LDZ Las Americas Adds Judicial Branch for First Time
This report from LDZ Las Americas is from Christopher Burge.
Unlike other LDZs, Las Americas has never had a judicial branch due to its small size. However, with the program growing to 120 participants in 2016, Las Americas finally had the numbers to sustain all three branches of government.
During General Convention, 2016 Las Americas LDZ delegates elected 7 “magistrados,” or justices, and their parties appointed 16 attorneys to form the LALDZ bar. Six justices were native Panamanians, while the seventh was an immigrant to Panamá originally from Kalamata, Greece; 15 attorneys were Panamanian residents while the 16 came to the program from San Antonio, Texas. Delegates also passed a constitution based on Community Social Entrepreneurship (CSE). This constitution, and whether delegate’s proposals complied with it, formed the basis of conversation in the Corte Suprema this year.
The justices created their own court protocol, based largely on the Panamanian legal system, and rather than a win-lose tournament-style competition, chose to establish a more constructive procedure. Attorney teams would have 12 minutes each to present arguments on the constitutionality of proposals, and to answer questions regarding them. In the case of unconstitutional proposals, attorneys were tasked with crafting remedies which would eliminate the constitutional violation.
After 3 days of intense, but friendly argument, and 6 rounds of hearings, the final two attorney teams were set: the team of Natalia Troncoso and Juan Manuel Caballero, both from Ciudad de Panamá, Panamá, and the team of Amanda Vallarino and María Fabiola Villa-Real, also both from Ciudad de Panamá. The justices also elected their Chief Justice, based on attorney’s post-trial ballots. José Antonio Pérez Barboni, of Ciudad de Panamá, was elected Chief Justice, while Gabriela Valdés was runner-up.
The final trial concerned a proposal entitled “Nueva visión para personas con discapacidades ,” an asset-based vision to utilize the unique worldviews of people with disabilities, and which was written by attorney Lucía Osorio. The attorneys and justices did an excellent job of probing constitutionality and offering suggestions for improvement in front of a crowd of over 250 delegates, staff, and guests as well as representatives from the Panamanian media.

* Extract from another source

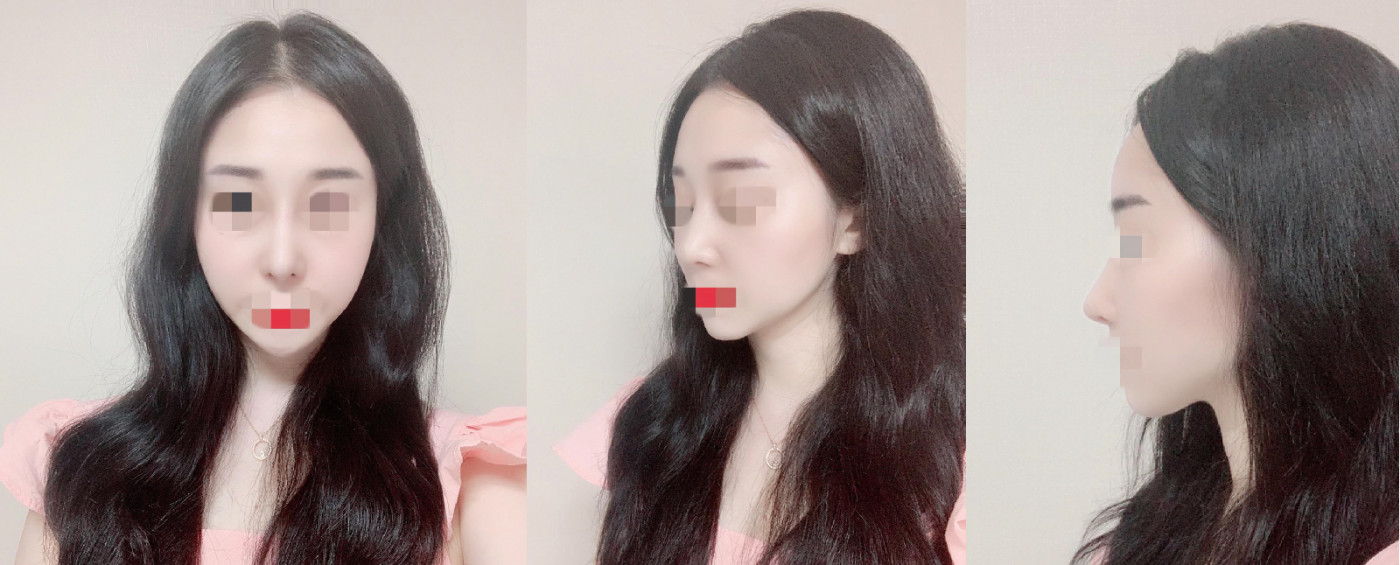 수술후기이미지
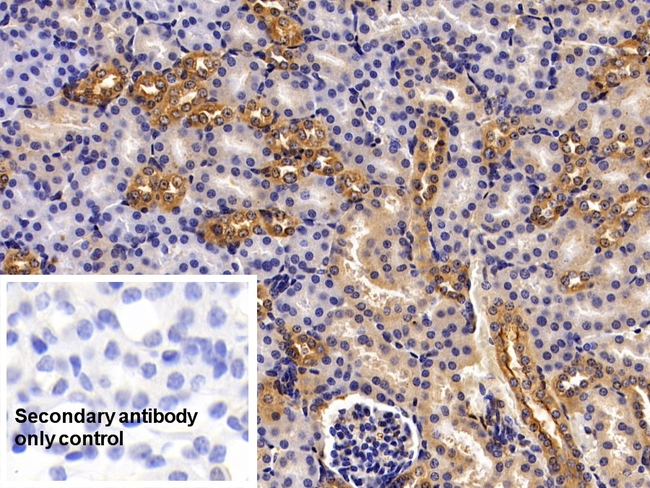 Annexin A6 Antibody in Immunohistochemistry (Paraffin) (IHC (P))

Overall, the “Órgano judicial” did an outstanding job in aiding the development and improvement of their delegation’s proposals. Perhaps more importantly, however, the delegates were pioneers in establishing a successful court system at LALDZ, a legacy which will have a positive impact on thousands of future delegates.
Members of the Corte Suprema of the 2016 Las Américas Lorenzo de Zavala Youth Legislative Session were as follows:
Magistrado Presidente: José Antonio Pérez Barboni
Magistradas y Magistrados: Diego Echevers, Sotiris Glegles, Emily Martin, Alexandra Rueda, Suhaila Singh, and Gabriela Valdés
Abogadas y Abogados: Mónica Amo, Carlos Arroyo, Javier Bernal, Andrea Borrero, Juan Manuel Caballero, Adrián Cornejo, Gabriela Hernández, Diego Herrera, Aarón Leis, Luis Felipe Moreno, Orlando Montenegro, Karina Ortiz, Lucía Osorio, Natalia Troncoso, Amanda Vallarino, and María Fabiola Villa-Real
Staff members were: Carlos Causadías (Bailiff/Assistant Director of Attorneys), Carlos Chevalier (Bailiff/Assistant Director of Justices), Ana Carolina Mejía (Director of Attorneys), and Christopher Burge (Director of the Supreme Court).